Exactly the lines below, starting with the one containing "The datasets which" and going on through the one containing "Hi, today I'm", must be reproduced, both ends included, and no pictures with them.
### Listed entries
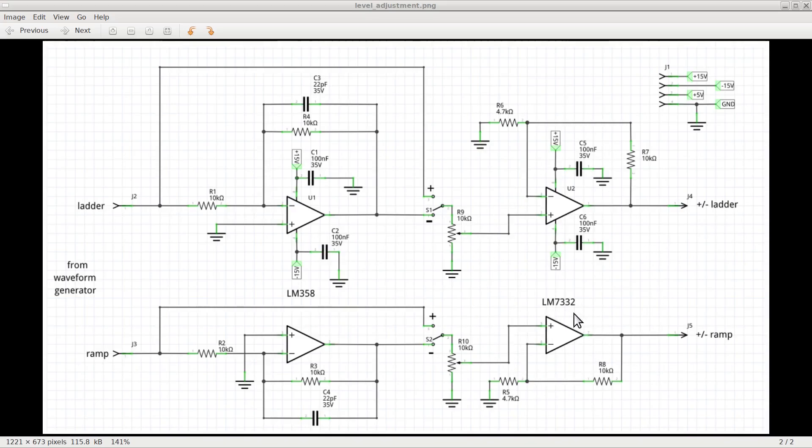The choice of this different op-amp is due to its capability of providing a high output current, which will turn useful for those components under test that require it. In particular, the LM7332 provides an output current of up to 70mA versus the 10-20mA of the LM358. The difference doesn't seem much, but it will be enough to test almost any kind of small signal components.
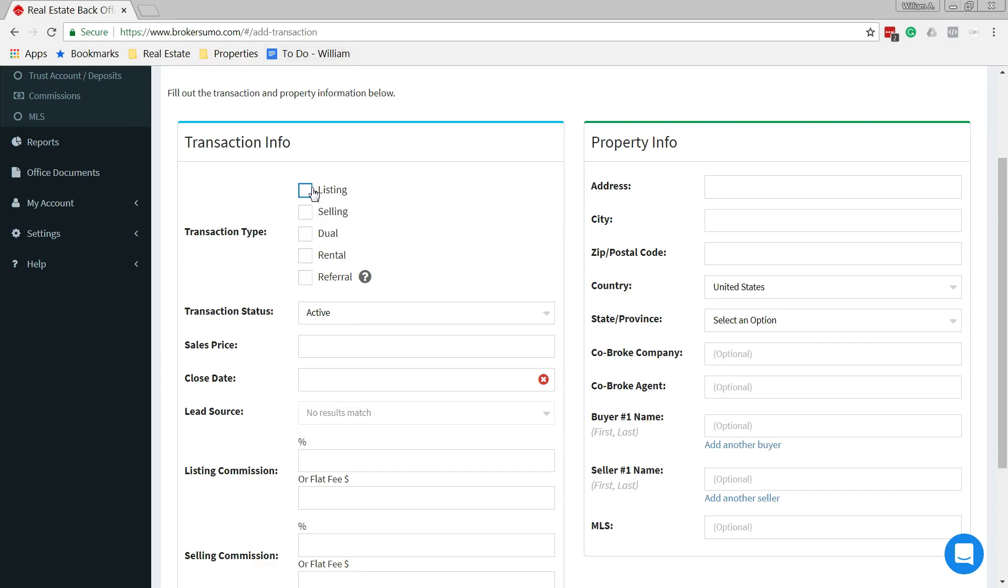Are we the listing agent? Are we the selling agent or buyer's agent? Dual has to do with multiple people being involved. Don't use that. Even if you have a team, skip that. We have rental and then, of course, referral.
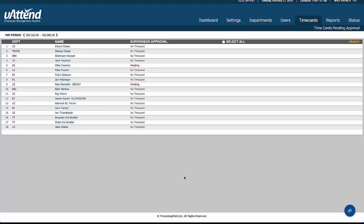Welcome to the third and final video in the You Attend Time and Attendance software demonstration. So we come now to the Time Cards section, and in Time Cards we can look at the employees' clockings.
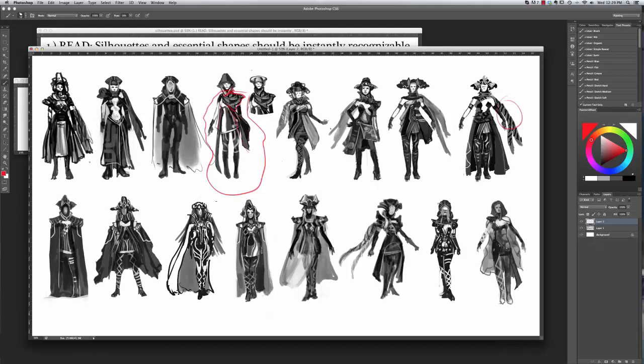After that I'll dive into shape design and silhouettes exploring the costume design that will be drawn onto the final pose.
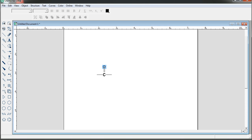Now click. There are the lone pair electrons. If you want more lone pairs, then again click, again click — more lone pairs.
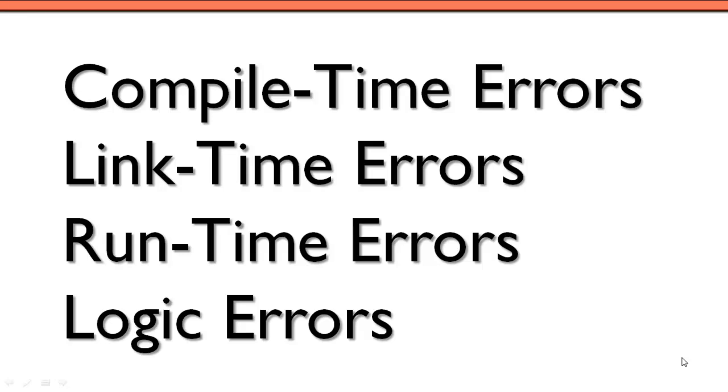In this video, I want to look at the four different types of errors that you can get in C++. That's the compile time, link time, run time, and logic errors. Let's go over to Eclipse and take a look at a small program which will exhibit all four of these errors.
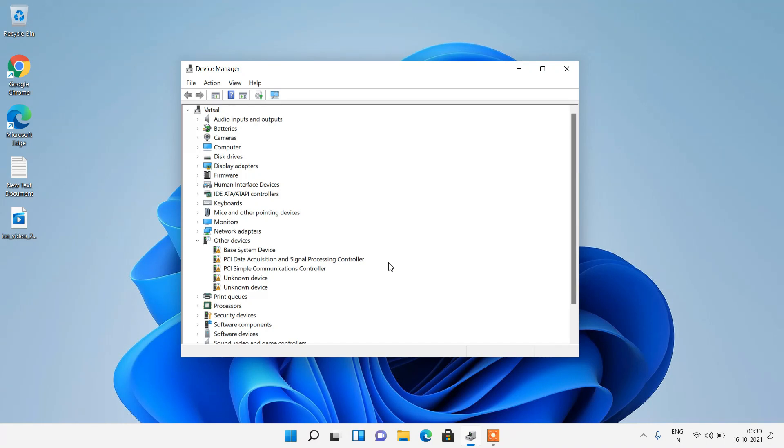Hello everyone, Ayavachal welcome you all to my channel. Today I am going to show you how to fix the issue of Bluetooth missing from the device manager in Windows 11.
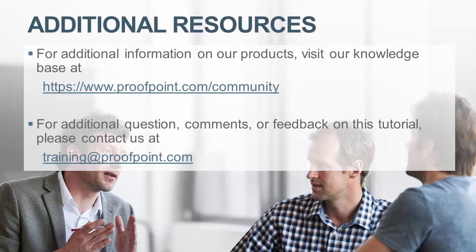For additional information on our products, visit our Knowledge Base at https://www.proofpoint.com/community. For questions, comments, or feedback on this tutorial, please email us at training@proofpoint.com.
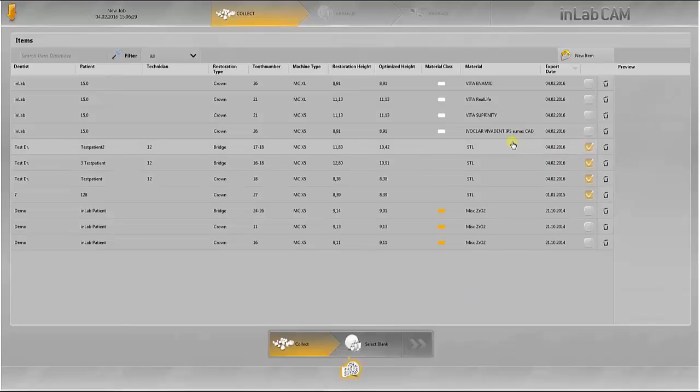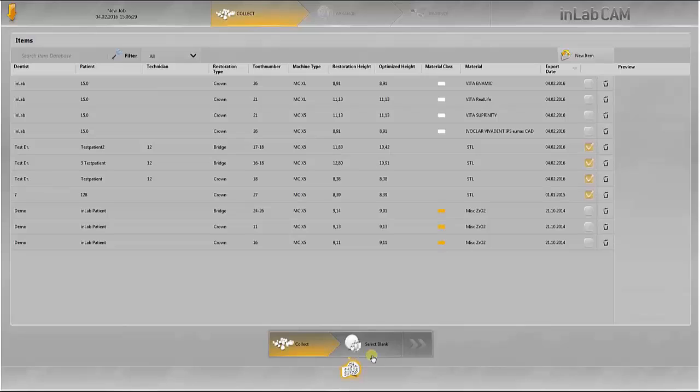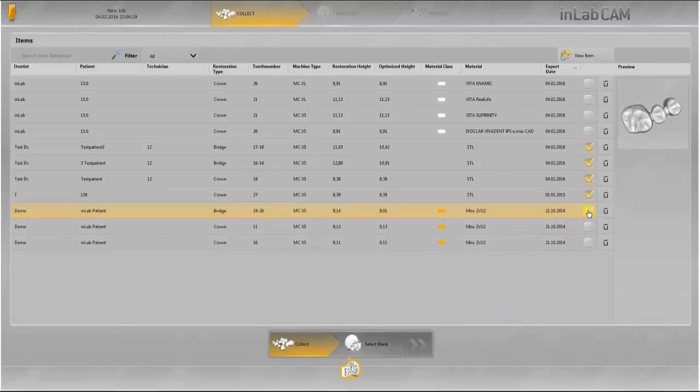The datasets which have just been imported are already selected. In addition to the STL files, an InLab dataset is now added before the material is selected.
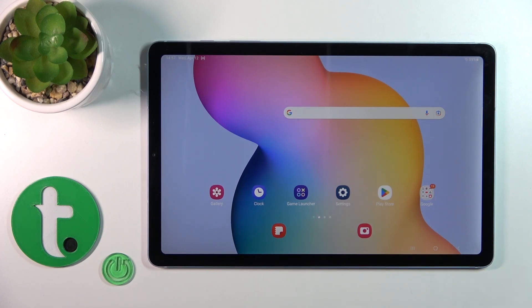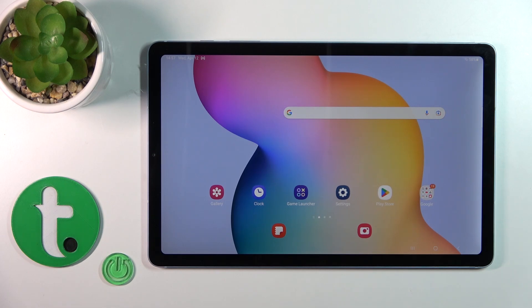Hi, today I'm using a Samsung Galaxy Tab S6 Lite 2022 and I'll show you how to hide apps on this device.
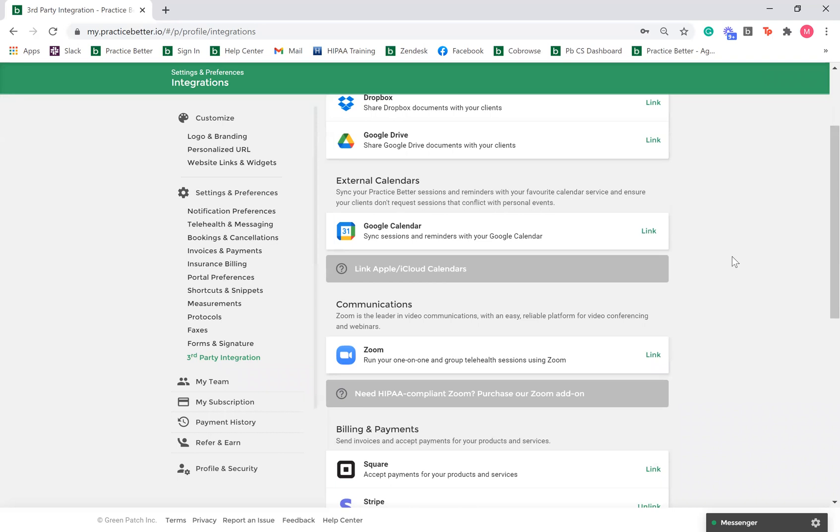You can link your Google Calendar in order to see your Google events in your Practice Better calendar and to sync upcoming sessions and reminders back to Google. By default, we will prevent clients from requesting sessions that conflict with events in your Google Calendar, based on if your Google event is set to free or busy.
######
### Listed entries
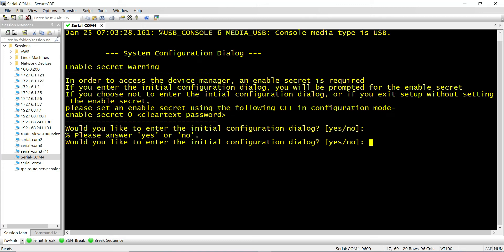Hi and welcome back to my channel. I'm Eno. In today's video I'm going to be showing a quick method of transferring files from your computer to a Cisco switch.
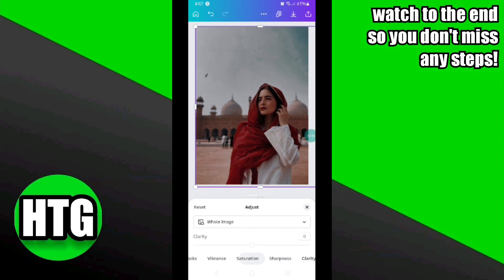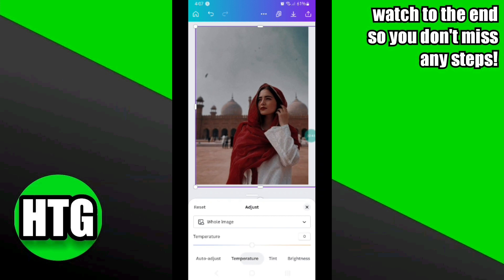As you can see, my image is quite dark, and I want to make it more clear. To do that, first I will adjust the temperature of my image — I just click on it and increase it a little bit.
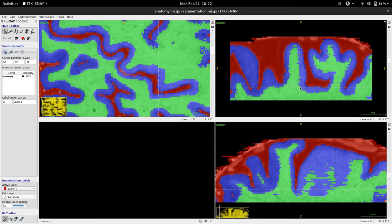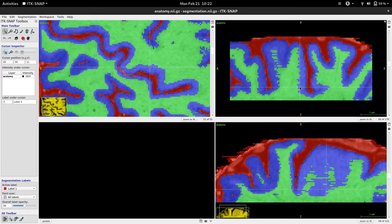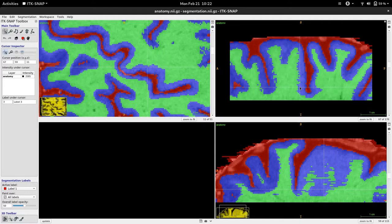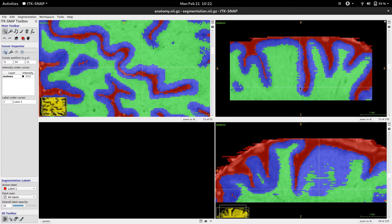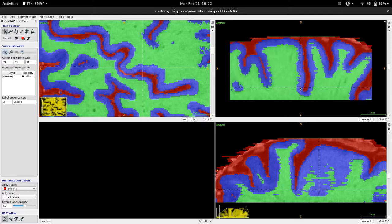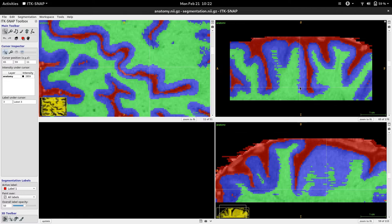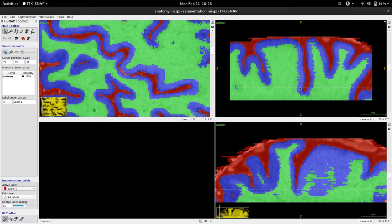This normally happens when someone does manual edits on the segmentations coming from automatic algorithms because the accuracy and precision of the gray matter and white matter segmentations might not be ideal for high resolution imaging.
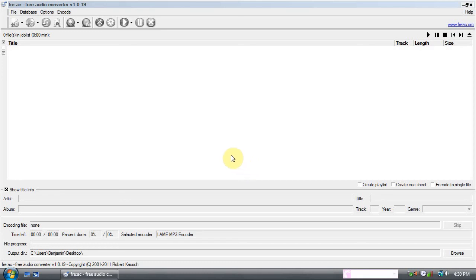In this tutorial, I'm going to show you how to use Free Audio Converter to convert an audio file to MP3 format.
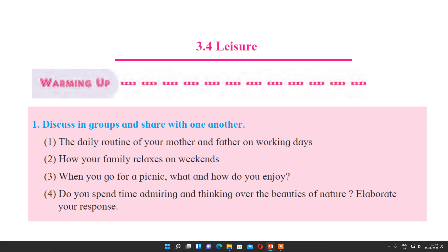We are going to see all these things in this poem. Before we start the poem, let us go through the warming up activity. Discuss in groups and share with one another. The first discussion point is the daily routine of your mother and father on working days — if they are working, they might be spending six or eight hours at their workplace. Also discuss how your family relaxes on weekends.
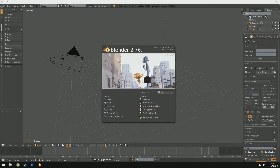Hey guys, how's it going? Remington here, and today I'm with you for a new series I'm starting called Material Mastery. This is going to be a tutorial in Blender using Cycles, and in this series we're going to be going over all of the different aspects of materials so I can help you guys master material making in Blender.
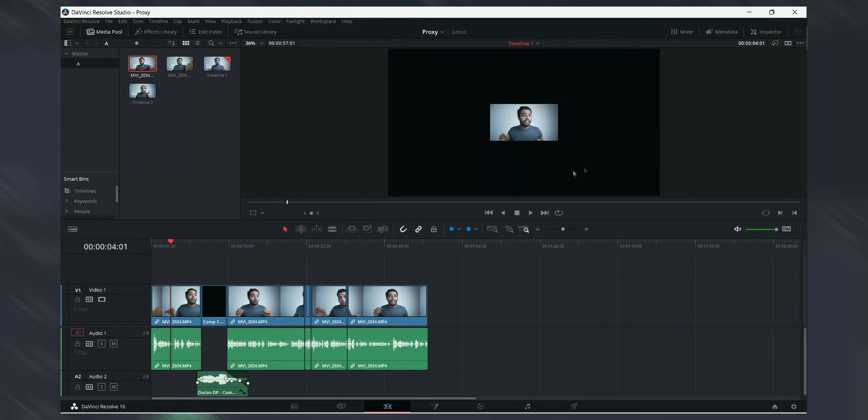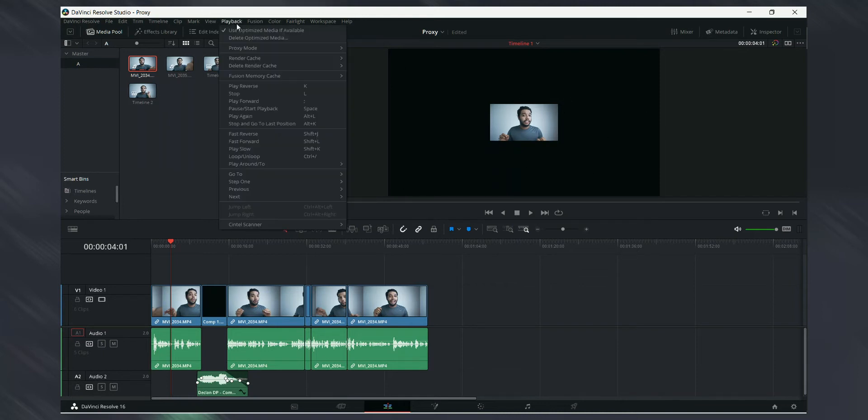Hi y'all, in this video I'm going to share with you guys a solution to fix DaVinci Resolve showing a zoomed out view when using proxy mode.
######
### Listed entries
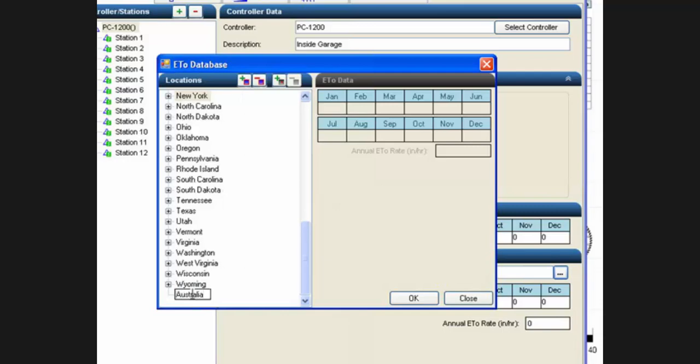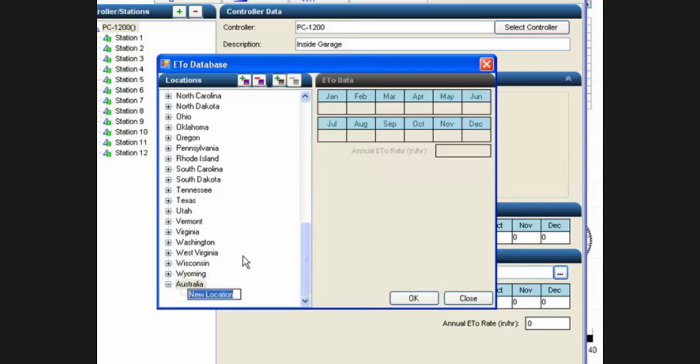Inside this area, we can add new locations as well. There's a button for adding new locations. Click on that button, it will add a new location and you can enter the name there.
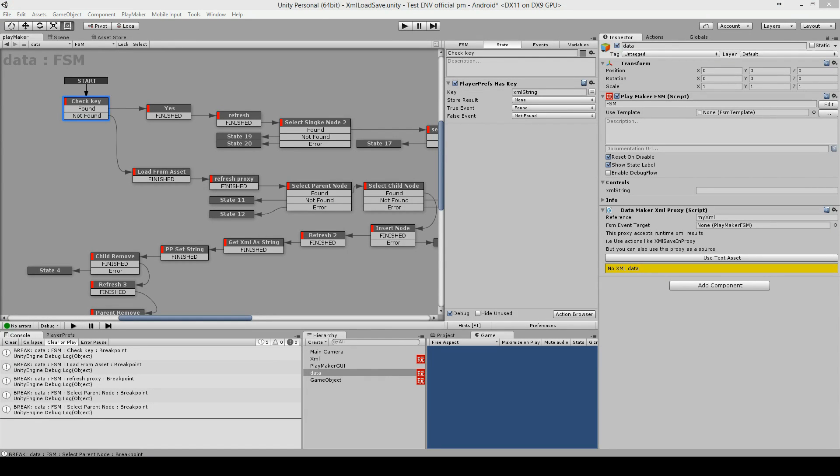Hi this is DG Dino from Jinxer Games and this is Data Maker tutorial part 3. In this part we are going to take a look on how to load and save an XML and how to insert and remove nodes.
######
▶ [Solution for this exercise]
The datasets which have just been imported are already selected. In addition to the STL files, an InLab dataset is now added before the material is selected.
Hi, today I'm using a Samsung Galaxy Tab S6 Lite 2022 and I'll show you how to hide apps on this device.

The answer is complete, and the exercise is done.